Krautrock, er, Cosmic Music, I mean, Motorik...

I purchased Harmonia's first record, "Musik von Harmonia" last week after work and life decided to crap on my head. I shouldn't have done it, but my impulsive love of Krautrock, motorik and "cosmic music" played me like Faust's fiddle.

This brings me to that wonderful world of genre funnery. While perusing the liner notes of the aforementioned album, I found a wonderful passage that decried the label "Krautrock."

If you don't know, the term Krautrock is derived from an Amon Duul II song on their second record, "Mama Duul and Her Sauerkraut Band Begin to Play." This band was an entertaining combination of post-Sergeant Peppers Beatles with the free-form tendencies of Barrett-era Pink Floyd. Think "Interstellar Overdrive" combined with the Grateful Dead/Sun Ra and topped off by a manic two-drum attack and a cackling megaphoned vocalist spitting out some twisted German verse.

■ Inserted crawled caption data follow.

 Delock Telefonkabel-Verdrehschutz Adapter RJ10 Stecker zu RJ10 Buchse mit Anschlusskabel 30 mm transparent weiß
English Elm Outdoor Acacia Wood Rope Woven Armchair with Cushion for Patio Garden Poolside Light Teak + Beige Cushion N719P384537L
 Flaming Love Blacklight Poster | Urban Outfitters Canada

This is one of the few freaky psychedelic groups whose image fit their sound. Let me provide you with a humdinger of an example. A picture that definitely fits not only the era but the sound. A bunch of crazy German people hanging out on their couch, which of course is in the middle of the German woods. They all have long hair, tight jeans, and various forms of facial hair. The one difference between this band and their contemporaries is the woman in the foreground, who was referred to as "Renate." She's a great singer/percussionist and served as a template for the lady in Hawkwind (although with far less nudity involved, and she didn't just dance). No crazy costumes, no frills, just a nature couch. I love it.

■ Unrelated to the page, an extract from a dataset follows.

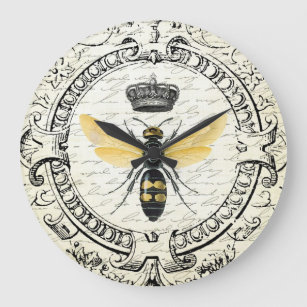 modern vintage french queen bee large clock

Got a little off topic here. Basically, Krautrock became this all-encompassing semi-racist label attached to any experimental/electronic group that came out of Germany. So when Roedilius and Moebius from Cluster and Michael Rother from Neu! decided to team up to form Harmonia, everyone buzzed about the Krautrock super group. The music was worthy of the buzz, as the band used synthesizers and beat machine that incessantly thumped along to create a hypnotic pattern-based attack. However, the dudes from Cluster were none to happy of the label, as they had previously been stuck with the "Cosmic Music" tag. I'll go into this bitter dispute when I get home and dig up the liner notes. Let it be known that this record has one of the best covers of the entire century. Dig this shit:
For 1974, or even now, this cover gets me excited to hear some music. The three men and their drum machine cycle through some amazing material, with Rother's guitar drone and Cluster's synth swamped in live tape hiss. This is the kind of stuff that whets my whistle, if you know what I'm saying. The Cluster Bros can be accused of noodling (probably by Samir Khan) but upon intense listening the structure of the wandering keyboard lines. Rother goes from quiet electric plucking to a distorted roar, as the songs are a living breathing display of three artists fitting together, Voltron style. The searching sound of Musik von Harmonia was soon replaced two years later the triumphant near perfect Deluxe. That's right, I said it was near perfect. Deal with it.

I've got to dig up some reviews to destroy, so I'll check back in once I have my facts straight and my liner notes ready.